Source material =
****

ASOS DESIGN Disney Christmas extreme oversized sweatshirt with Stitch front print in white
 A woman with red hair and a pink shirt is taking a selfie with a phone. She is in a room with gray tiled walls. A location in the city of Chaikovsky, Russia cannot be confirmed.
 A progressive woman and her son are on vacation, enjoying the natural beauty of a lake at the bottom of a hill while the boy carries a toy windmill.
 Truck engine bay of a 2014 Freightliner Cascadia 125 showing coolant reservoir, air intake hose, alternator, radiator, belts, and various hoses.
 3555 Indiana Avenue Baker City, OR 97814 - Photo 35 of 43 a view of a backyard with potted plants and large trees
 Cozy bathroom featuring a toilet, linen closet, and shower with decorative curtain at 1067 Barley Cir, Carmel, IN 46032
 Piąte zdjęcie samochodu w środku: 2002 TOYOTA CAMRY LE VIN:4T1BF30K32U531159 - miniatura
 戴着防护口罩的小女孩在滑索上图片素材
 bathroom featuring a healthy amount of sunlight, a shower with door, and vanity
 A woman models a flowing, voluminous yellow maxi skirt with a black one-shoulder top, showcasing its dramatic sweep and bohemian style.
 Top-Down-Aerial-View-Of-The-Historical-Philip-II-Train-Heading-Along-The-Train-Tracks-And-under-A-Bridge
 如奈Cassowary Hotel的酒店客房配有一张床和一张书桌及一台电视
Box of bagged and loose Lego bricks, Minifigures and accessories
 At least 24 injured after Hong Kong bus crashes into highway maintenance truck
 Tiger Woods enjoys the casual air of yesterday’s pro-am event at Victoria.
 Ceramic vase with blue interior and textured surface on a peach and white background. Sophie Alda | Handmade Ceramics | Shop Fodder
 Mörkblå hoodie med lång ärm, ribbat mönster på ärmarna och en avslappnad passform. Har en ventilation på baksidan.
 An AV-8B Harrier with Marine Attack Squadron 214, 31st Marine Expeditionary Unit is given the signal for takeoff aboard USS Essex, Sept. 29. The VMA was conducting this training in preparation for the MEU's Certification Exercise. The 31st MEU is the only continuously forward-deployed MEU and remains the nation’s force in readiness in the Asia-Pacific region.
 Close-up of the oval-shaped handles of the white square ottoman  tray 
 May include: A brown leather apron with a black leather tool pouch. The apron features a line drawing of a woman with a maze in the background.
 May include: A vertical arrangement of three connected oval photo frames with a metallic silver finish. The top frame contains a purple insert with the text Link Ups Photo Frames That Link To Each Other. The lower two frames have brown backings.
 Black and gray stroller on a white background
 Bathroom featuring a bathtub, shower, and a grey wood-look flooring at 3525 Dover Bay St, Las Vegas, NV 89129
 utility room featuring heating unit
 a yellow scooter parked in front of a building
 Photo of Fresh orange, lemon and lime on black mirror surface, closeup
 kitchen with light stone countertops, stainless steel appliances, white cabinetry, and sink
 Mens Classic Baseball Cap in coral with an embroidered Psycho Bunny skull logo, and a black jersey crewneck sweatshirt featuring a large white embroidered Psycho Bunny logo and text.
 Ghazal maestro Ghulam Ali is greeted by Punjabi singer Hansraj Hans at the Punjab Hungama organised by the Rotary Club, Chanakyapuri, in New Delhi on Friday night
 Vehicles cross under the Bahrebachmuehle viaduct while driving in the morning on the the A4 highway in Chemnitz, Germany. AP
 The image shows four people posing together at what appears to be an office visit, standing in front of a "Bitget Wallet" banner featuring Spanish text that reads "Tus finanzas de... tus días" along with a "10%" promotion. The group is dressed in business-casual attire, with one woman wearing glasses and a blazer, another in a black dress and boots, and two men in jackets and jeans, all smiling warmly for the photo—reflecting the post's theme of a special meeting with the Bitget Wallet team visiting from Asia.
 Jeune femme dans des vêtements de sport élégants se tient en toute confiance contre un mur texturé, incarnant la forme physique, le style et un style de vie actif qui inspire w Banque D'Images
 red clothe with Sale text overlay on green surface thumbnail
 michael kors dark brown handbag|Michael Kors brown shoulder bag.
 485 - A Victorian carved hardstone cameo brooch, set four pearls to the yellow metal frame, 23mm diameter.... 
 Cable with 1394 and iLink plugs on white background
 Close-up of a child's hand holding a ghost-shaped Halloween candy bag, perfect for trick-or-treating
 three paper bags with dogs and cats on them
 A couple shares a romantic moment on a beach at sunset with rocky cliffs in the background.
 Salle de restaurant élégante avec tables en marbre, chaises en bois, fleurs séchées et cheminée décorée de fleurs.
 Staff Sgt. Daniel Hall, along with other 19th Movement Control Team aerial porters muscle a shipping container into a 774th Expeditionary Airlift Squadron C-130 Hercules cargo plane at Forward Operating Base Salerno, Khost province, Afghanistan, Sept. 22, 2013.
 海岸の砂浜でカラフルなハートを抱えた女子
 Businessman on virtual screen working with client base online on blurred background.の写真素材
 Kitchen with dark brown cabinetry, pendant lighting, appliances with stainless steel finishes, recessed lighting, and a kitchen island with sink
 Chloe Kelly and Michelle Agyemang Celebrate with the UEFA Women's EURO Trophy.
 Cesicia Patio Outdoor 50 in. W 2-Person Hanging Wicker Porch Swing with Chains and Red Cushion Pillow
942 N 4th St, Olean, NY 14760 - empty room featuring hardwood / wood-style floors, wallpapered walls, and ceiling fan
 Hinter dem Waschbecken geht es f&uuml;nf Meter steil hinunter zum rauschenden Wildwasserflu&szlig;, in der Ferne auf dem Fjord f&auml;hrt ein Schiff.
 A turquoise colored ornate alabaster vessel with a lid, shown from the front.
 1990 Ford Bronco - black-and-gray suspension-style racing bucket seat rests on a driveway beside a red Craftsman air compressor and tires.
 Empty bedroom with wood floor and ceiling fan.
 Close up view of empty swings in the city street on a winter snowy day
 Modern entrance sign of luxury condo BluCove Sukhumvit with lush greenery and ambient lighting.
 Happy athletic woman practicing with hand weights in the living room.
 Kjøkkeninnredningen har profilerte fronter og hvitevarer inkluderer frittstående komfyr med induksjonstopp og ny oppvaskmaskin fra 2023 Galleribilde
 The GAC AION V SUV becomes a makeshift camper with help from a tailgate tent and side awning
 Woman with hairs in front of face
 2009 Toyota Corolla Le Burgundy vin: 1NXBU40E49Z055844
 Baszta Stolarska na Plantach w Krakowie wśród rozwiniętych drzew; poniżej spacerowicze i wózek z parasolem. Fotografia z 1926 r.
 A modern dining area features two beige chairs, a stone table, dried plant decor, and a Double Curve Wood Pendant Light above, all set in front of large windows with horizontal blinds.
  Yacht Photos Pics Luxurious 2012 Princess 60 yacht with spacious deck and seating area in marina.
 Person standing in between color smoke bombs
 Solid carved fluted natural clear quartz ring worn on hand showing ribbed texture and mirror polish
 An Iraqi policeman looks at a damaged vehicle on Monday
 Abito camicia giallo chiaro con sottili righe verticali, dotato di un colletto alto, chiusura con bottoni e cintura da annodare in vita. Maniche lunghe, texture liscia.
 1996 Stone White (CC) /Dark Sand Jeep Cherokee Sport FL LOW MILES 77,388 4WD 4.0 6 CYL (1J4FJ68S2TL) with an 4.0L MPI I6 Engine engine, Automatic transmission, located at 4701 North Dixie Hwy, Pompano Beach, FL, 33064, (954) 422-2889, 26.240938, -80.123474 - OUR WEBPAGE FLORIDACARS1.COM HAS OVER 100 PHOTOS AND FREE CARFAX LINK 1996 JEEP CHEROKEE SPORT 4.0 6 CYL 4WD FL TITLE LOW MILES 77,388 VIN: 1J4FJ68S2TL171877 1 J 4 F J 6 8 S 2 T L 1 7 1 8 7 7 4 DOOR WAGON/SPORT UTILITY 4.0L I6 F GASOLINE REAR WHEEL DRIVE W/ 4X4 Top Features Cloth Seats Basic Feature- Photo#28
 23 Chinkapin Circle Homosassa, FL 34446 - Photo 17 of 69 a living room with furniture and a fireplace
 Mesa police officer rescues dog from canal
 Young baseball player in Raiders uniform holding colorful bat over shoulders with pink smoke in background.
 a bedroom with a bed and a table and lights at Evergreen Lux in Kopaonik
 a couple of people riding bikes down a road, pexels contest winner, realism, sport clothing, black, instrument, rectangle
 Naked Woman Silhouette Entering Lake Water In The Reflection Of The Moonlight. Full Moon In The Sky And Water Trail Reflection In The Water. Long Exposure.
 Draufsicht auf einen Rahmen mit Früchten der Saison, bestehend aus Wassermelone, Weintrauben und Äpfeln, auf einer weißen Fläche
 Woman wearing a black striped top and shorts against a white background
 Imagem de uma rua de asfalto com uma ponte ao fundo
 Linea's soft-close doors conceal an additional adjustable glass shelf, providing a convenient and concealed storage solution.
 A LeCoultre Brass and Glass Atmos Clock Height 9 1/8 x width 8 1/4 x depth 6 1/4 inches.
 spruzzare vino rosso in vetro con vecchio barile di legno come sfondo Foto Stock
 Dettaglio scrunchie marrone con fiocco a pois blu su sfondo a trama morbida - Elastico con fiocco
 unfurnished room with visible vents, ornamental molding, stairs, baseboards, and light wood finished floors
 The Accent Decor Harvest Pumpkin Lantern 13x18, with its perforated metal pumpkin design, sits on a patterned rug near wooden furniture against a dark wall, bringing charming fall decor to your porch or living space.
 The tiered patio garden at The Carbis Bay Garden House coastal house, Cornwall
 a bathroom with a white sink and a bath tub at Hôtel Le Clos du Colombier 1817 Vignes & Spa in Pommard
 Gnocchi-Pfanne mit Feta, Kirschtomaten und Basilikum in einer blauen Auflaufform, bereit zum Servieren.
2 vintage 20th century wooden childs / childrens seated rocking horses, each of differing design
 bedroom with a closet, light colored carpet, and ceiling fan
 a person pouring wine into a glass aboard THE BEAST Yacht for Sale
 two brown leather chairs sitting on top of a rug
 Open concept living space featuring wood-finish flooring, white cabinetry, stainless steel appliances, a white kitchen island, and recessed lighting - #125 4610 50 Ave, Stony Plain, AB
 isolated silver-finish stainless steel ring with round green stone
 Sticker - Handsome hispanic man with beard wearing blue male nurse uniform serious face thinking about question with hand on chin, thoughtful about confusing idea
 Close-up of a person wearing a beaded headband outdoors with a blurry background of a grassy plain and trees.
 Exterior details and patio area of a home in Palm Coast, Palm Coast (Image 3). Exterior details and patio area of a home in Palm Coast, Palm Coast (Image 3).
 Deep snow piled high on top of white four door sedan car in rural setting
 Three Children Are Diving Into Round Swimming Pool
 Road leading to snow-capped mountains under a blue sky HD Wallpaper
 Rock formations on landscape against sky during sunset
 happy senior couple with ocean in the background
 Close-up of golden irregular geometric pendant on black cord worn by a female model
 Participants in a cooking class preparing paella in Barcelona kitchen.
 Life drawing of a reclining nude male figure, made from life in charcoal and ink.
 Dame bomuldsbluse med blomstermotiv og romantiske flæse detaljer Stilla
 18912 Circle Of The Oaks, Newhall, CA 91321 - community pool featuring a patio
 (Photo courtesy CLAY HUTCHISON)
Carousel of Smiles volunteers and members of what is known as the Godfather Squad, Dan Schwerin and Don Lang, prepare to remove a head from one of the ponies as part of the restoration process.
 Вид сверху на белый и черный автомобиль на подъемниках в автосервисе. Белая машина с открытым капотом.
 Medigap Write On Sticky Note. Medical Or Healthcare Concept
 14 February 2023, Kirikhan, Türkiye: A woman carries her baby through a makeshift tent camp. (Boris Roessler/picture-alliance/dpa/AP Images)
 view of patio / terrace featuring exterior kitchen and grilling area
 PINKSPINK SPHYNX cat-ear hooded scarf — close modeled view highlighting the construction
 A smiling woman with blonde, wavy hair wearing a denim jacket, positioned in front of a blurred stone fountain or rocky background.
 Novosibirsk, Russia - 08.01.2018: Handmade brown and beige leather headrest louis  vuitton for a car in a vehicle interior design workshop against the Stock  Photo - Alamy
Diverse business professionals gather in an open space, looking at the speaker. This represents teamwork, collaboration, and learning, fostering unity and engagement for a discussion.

****

Task details =
Referring to the material above, set down exactly the lines between the line with "23 Chinkapin Circle" and the line with "Gnocchi-Pfanne mit Feta, Kirschtomaten", inclusive, and no other lines.

Result of this exercise =
 23 Chinkapin Circle Homosassa, FL 34446 - Photo 17 of 69 a living room with furniture and a fireplace
 Mesa police officer rescues dog from canal
 Young baseball player in Raiders uniform holding colorful bat over shoulders with pink smoke in background.
 a bedroom with a bed and a table and lights at Evergreen Lux in Kopaonik
 a couple of people riding bikes down a road, pexels contest winner, realism, sport clothing, black, instrument, rectangle
 Naked Woman Silhouette Entering Lake Water In The Reflection Of The Moonlight. Full Moon In The Sky And Water Trail Reflection In The Water. Long Exposure.
 Draufsicht auf einen Rahmen mit Früchten der Saison, bestehend aus Wassermelone, Weintrauben und Äpfeln, auf einer weißen Fläche
 Woman wearing a black striped top and shorts against a white background
 Imagem de uma rua de asfalto com uma ponte ao fundo
 Linea's soft-close doors conceal an additional adjustable glass shelf, providing a convenient and concealed storage solution.
 A LeCoultre Brass and Glass Atmos Clock Height 9 1/8 x width 8 1/4 x depth 6 1/4 inches.
 spruzzare vino rosso in vetro con vecchio barile di legno come sfondo Foto Stock
 Dettaglio scrunchie marrone con fiocco a pois blu su sfondo a trama morbida - Elastico con fiocco
 unfurnished room with visible vents, ornamental molding, stairs, baseboards, and light wood finished floors
 The Accent Decor Harvest Pumpkin Lantern 13x18, with its perforated metal pumpkin design, sits on a patterned rug near wooden furniture against a dark wall, bringing charming fall decor to your porch or living space.
 The tiered patio garden at The Carbis Bay Garden House coastal house, Cornwall
 a bathroom with a white sink and a bath tub at Hôtel Le Clos du Colombier 1817 Vignes & Spa in Pommard
 Gnocchi-Pfanne mit Feta, Kirschtomaten und Basilikum in einer blauen Auflaufform, bereit zum Servieren.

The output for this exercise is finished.